Matthew McConaughey is opening up about his decision to escape being labeled as “the rom-com dude,” and aiming for something greater in Hollywood.
The Oscar-winning actor recently sat down with tennis pro Nick Kyrgios for the Good Trouble podcast, where he talked about finally learning to say no, leading to his “most rebellious move” in the industry while trying to stay true to himself.
“Look, man, the devil’s in the infinite yeses, not the no’s,” McConaughey said in a preview clip of the episode set to be released on Wednesday. “No, it’s just as important, if not more important. Especially if you have some level of success and access. No becomes more important than yes. Because, I mean, we all look around and see we’ve overleveraged our life with yeses and gone, geez, oh, man, I’m making C-minuses and all that shit in my life because I said yes to too many things.”

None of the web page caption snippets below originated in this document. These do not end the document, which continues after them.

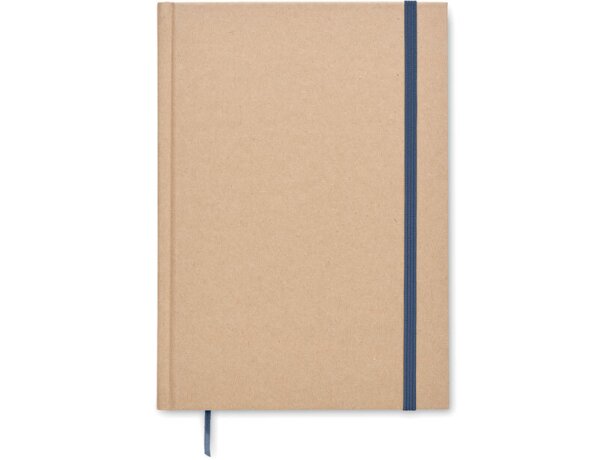 Libreta banda elastica con hojas a rayas y marcapáginas cartón reciclado Musa Azul detalle 5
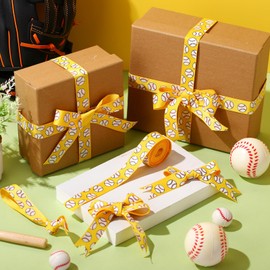 ROCEEI 10 Yards Baseball Ribbon Glitter Baseball Theme Party Decorations 7/8 Inch Craft Ribbon Grosgrain Party Decorations for Crafts Team Hair Bow Lanyard Gift Wrapping Crafting Sewing(Yellow)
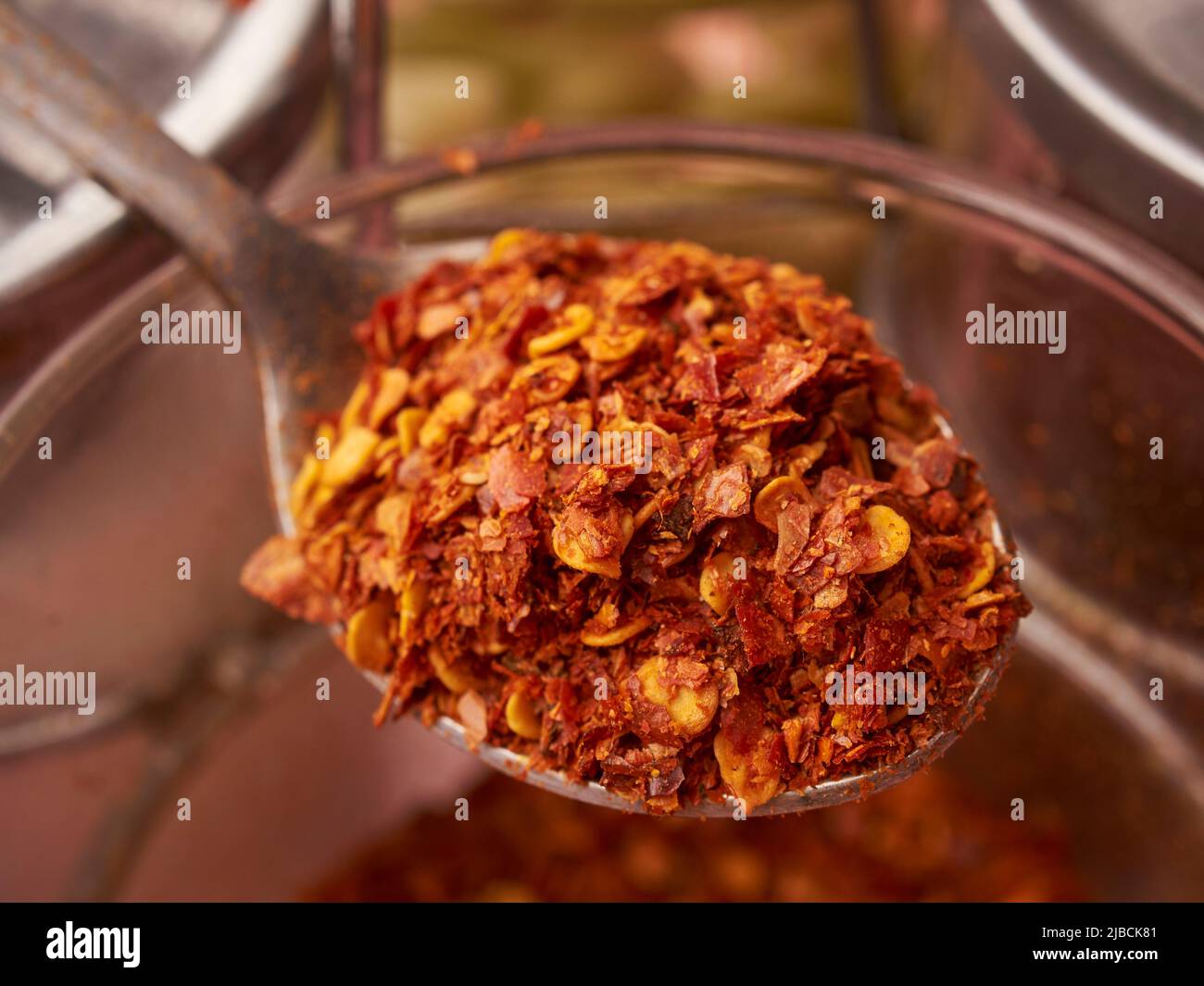 Ein Löffel scharfer Chilischoten, Little Thailand, Queens, New York City, USA Stockfoto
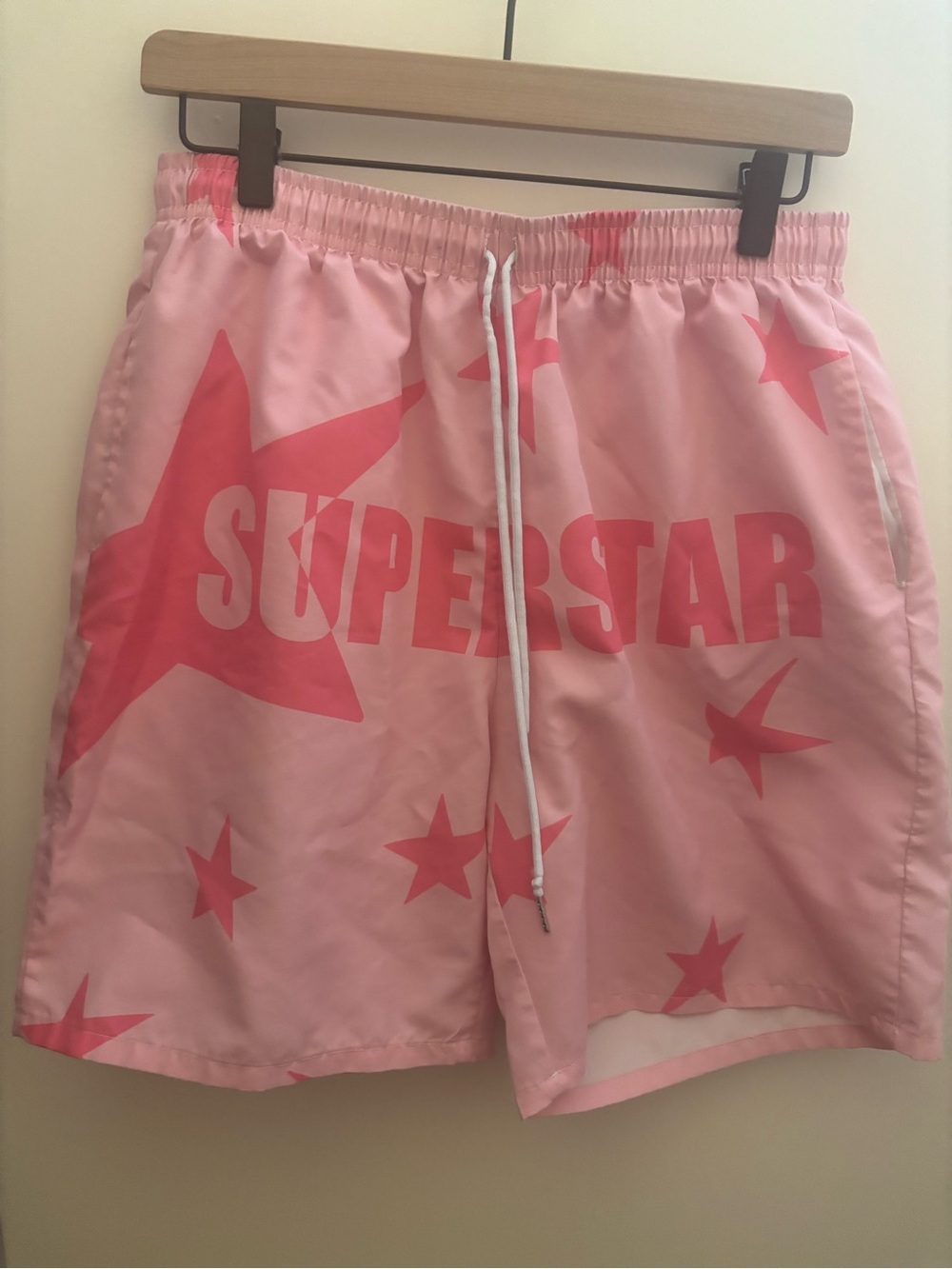 Pink "SUPERSTAR" Star Print Swim Shorts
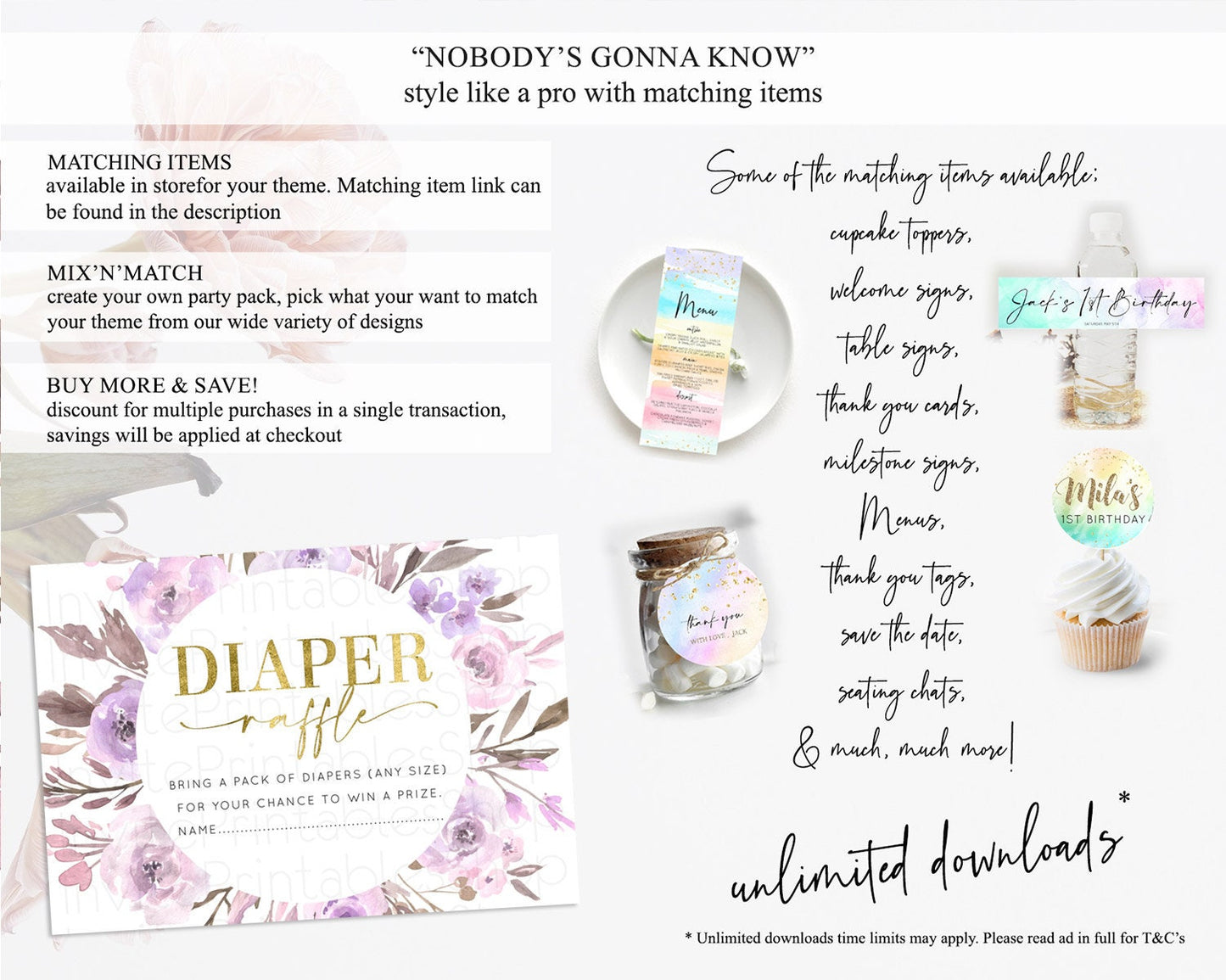 Secret Garden Diaper Raffle Card Boho Wildflower Diaper Raffle Insert Pastel Flower Garden Baby Shower Card Flower Raffle Game D10201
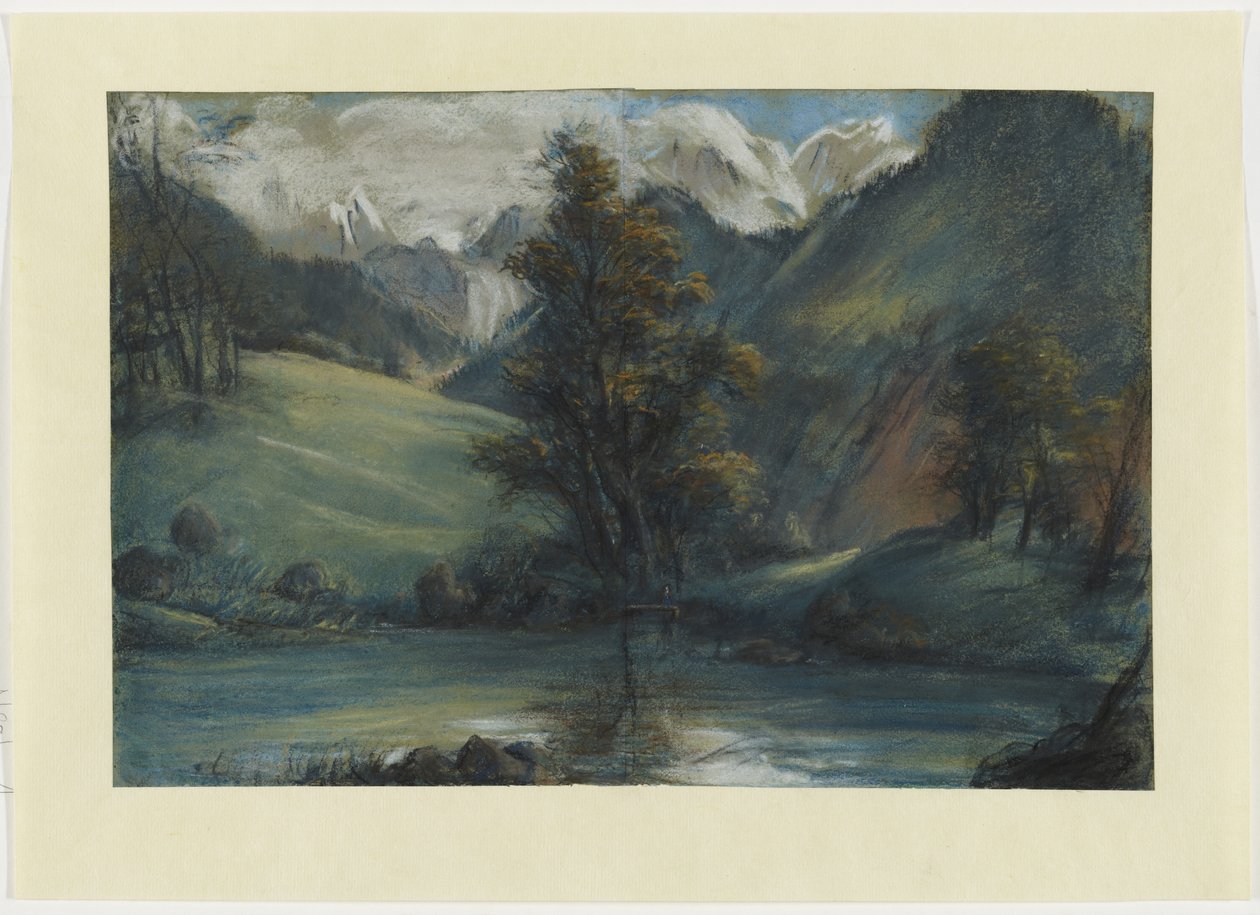 Utsikt over innsjøen Challes og Mont Blanc, 1807-1808 (pastell på papir) av Elisabeth Louise Vigee Lebrun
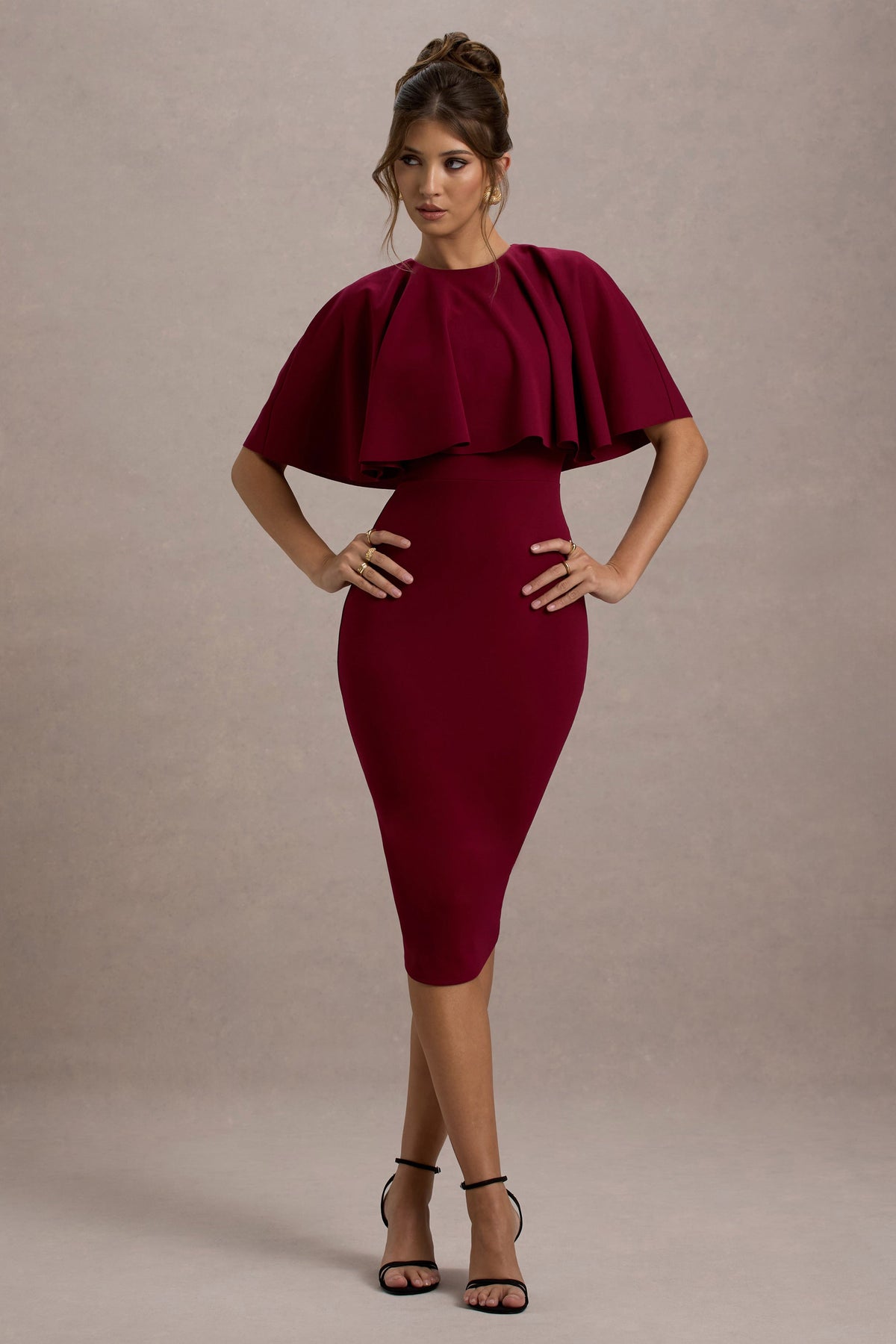 Andorra | Vestido Midi con capa delantera y ajustado en color berry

While the actor appreciates his time working on all the rom-coms early in his career, such as The Wedding Planner, How To Lose A Guy In 10 Days and Fool’s Gold, he eventually found himself on “autopilot.” And that’s when McConaughey realized he had to just say “nope, full stop, no.”
“When I was rolling off the rom-coms. And I was the rom-com dude, man, that was my lane, and I liked that lane. That lane paid well and it was working,” the Magic Mike actor explained. “But the lane was… I was so strong in that lane that anything outside of that lane, dramas and stuff that I wanted to do, were like, no, no, no, no, no McConaughey. Hollywood said no, no, no, no, you should stay there, stay there.”
He continued, “I didn’t want to. So, since I couldn’t do what I wanted to do, I stopped doing what I was doing. And I moved down to the ranch in Texas, and I went down there and I made a pact with my wife [Camila Alves McConaughey] and said, ‘I’m not going back to work unless I get offered roles I want to do.'”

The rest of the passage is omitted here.